Emotion has been a motivator of music since day one. Celebration of a successful hunt used to call for dancing and playing tribal drums around the night fire. Debussy used Claire de Lune to strike an emotional (and physical) chord with a girl named Claire. Justin Timberlake brought “Sexyback” to show us he was confident at the same time “What Goes Around… Comes Around” showed us that he’s open to hurt.
Artists — great ones — put honest emotion into their work. I’m reminded of a master class I attended with one of my favorite drummers, Jojo Mayer. The topic of expressing emotion or a feeling with only rhythm came up. He had me sit at a drum set and told me, “Play a solo, but here’s the rule: You can only use eighth notes,” so I did just that. He then sat down at the kit and said, “Now watch me do it,” and continued to play every subdivision from quarter note triplets to quintuplets.
“You see, it created a tension in you because the rhythms clashed,” Mayer said. “And also because I broke the rule.”

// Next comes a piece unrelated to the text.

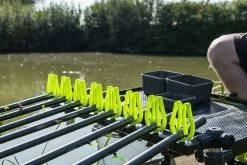 Matrix 3D-R EXTENDING 8 TULIP ROOST -Hengels Verkoop Matrix 3D R Extending 8 Tulip Roost GBA053 3 min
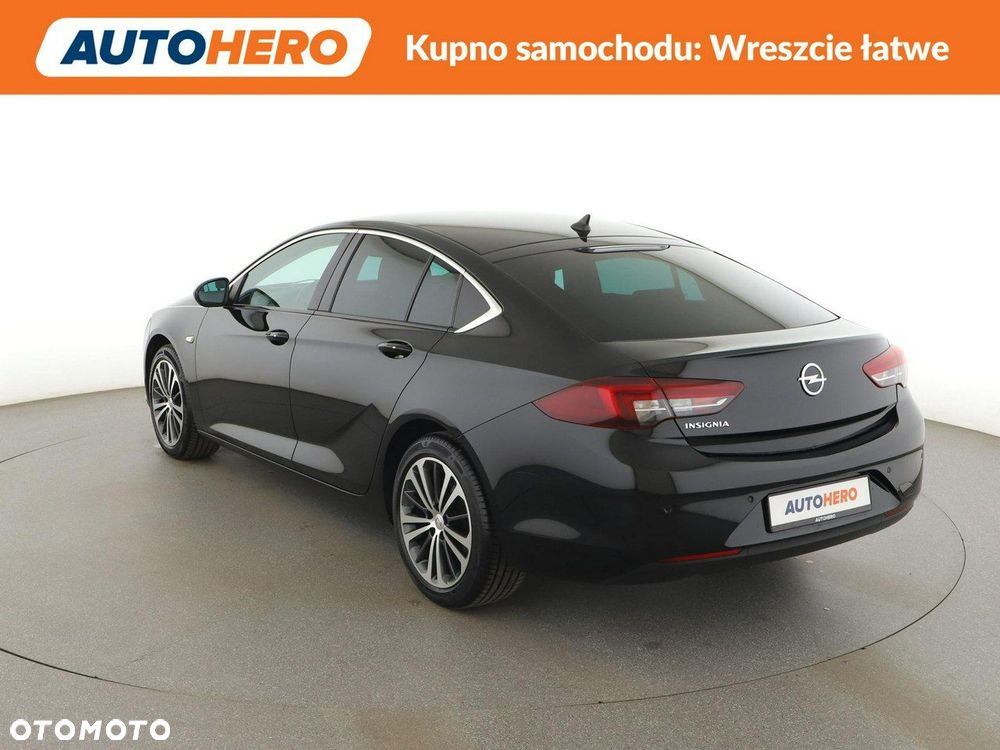 Opel Insignia 1.6 CDTI Enjoy S&S - 5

Like any form of art, the function of music is a medium for expression. What you hear when music is played are chords and melodies and rhythms that function together harmonically but are also designed to elicit a sympathetic emotional response.
Like a movie or a painting can be dark- or light-hearted, music can have a dark texture, or a saxophone player could have a dark tone. Music feels a certain way.
But what about rap? In conversations I had personally with Wynton Marsalis’s drummer Ali Jackson, he said, “Rappers? Come on, man. I know those dudes. Those m———-rs don’t know s–t,” speaking on the technical musical knowledge of rappers.
And it’s true, generally. Rappers don’t talk much about the awesome chord progressions you find in their music or the melodies they wrote, because they aren’t the ones who wrote them.
An interesting case study is the success of Drake. I don’t know much about Drake’s knowledge of music or his understanding of music theory, but what I do know is that it’s fortunate for Drake that he had whiz producer/audio engineer and catchy melody-writer Noah “40” Shebib to handle the harmonic and melodic feeling of his music.
In an interview with Fader, Shebib said, “Those were always my favorite joints. Even as a kid, I’ve been trying to force-feed R&B to rap music. Make rap more musical.”
What Drake and Noah have done, successfully I’d say, is infuse emotion into rap. They’ve melded the deep relatability of feeling and communicating an emotion with the accessibility of hip-hop, and created their own genre of R&B.
None of this is to say that rap and hip-hop can’t elicit emotion. Both genres have artists who can and do just that. What I’m talking about is specifically using the music, not the words, as a vehicle to convey the way an artist is feeling to his or her listeners. The rappers dictate the words, and they do it well, but I think it’s the audio engineers they have working with and for them who control the music.
But it seems to be working out. Lil Wayne, close friend and mentor to Drake, even included the almost ballad-like “How to Love” on his most recent album, among tracks named “Two Shots” and “Blunt Blowin’.”
Rap and hip-hop are both music. Where the actual musical credit is due though, I think that question is less easily answered.
I’ll leave you with this — if you saw Lil Wayne play guitar on SNL, or anywhere else, you know he isn’t a musician. I’m a fan of his music, and I know that he’s an incredibly intelligent human being, but so far as a fantastic musician? I’d be willing to say that he’s a hell of a poet.